KKR sells Omnetica, bids for recycler

Following the sale of IT services provider Omnetica to UK trade buyer Kingston comes news of KKR’s recommended €260m takeover bid for German recycling company Duales System.

Global buyout house Kohlberg Kravis Roberts (KKR) has sold its interest in UK-based IT services provider Omnetica to UK telecoms provider Kingston Communications for £169 million (€245 million; $327 million).


KKR elected to receive its consideration in the form of cash and shares, taking a 25 percent stake in Kingston going forward. The £169 million purchase price comprised £99 million in cash plus the issue of £70 million of new shares in Kingston.

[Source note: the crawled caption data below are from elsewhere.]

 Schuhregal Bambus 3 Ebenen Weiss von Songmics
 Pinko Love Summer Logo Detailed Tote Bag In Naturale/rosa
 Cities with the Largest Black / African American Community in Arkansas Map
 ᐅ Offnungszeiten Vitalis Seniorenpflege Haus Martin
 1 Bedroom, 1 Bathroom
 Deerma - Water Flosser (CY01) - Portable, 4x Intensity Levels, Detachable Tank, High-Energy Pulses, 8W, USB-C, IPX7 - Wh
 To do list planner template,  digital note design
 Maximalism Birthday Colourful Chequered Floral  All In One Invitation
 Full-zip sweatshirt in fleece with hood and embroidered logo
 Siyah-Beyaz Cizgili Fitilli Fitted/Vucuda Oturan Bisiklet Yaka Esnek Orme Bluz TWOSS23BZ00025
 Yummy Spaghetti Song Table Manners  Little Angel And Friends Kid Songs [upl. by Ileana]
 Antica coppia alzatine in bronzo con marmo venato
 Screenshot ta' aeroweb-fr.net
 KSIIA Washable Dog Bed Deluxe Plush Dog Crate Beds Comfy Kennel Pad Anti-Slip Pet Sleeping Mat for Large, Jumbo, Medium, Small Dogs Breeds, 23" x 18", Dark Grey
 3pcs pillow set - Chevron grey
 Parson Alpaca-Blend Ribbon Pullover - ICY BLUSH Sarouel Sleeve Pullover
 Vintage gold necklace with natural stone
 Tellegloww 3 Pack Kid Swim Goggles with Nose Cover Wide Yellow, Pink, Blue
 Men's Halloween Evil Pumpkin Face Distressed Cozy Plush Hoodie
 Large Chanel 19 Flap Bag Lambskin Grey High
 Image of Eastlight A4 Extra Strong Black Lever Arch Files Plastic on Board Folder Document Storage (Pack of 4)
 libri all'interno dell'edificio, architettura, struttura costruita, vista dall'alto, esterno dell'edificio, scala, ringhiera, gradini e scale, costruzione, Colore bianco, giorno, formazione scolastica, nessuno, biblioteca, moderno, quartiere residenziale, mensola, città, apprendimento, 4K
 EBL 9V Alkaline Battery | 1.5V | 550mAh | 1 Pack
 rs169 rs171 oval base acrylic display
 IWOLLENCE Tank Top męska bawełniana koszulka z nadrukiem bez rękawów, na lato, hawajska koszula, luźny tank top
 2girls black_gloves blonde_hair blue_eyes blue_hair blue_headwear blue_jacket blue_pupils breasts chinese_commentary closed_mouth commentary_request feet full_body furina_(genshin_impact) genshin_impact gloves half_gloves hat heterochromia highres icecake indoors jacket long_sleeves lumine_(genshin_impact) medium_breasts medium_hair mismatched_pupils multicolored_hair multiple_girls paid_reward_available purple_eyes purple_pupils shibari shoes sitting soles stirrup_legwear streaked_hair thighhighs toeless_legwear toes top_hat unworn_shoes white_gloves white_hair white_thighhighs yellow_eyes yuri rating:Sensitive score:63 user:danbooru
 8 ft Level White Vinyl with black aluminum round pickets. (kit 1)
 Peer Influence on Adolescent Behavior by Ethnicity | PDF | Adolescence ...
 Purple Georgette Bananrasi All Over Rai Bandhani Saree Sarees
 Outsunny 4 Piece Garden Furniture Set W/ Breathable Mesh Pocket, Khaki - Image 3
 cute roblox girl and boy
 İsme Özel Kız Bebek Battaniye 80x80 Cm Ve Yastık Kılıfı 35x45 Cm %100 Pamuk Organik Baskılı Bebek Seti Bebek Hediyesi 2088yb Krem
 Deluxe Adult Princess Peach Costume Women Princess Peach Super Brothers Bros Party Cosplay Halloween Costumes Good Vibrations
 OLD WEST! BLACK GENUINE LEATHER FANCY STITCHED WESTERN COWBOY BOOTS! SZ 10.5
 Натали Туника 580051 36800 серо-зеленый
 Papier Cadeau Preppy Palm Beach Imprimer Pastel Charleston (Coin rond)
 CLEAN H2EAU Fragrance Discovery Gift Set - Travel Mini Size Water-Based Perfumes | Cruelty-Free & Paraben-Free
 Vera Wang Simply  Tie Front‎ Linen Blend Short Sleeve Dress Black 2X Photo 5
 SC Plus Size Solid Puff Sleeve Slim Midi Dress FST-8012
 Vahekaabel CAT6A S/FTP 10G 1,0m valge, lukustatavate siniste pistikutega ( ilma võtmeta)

KKR acquired Omnetica as part of a portfolio of seven companies from German industrial conglomerate Siemens in July 2002. KKR paid €1.7 billion for the portfolio, acquired through a holding company, Demag Holding, in which Siemens retained a 19 percent stake.


Of the seven companies acquired by Demag, Omnetica is the third to be sold, following the dispositions in July this year of hydraulic equipment manufacturer Stabilus to Montagu Private Equity and the sale of Swiss electricity metering firm Landis & Gyr to Australian-based Bayard Energy.


The transaction was led for KKR by London-based executives Johannes Huth, who will become a non-executive director of Kingston, and Oliver Haarmann. Huth was recently appointed head of KKR’s European operation following the return of predecessor Ned Gilhuly to the firm’s Californian office.


In separate news, KKR has launched a €260 million recommended takeover bid for Duales System Deutschland (DSD), a German non-profit recycling company.


DSD collects and recycles used packaging in Germany. The company was recently ordered by Germany’s competition regulator to sell at least 75 percent of the company to outsiders to end its monopoly in the German market.


DSD is a non-profit making, non-listed company, with around 550 corporate shareholders, including retail company Metro and consumer chemicals giant Henkel. The deal requires 95 percent shareholder approval before the closing date of December 23.


Commenting on the transaction, KKR’s Reinhard Gorenflos told the Financial Times: “We like complex transactions which are atypical from normal investment perspectives.” Gorenflos said that DSD would look to expand its product lines, which had previously been forbidden and develop the business internationally.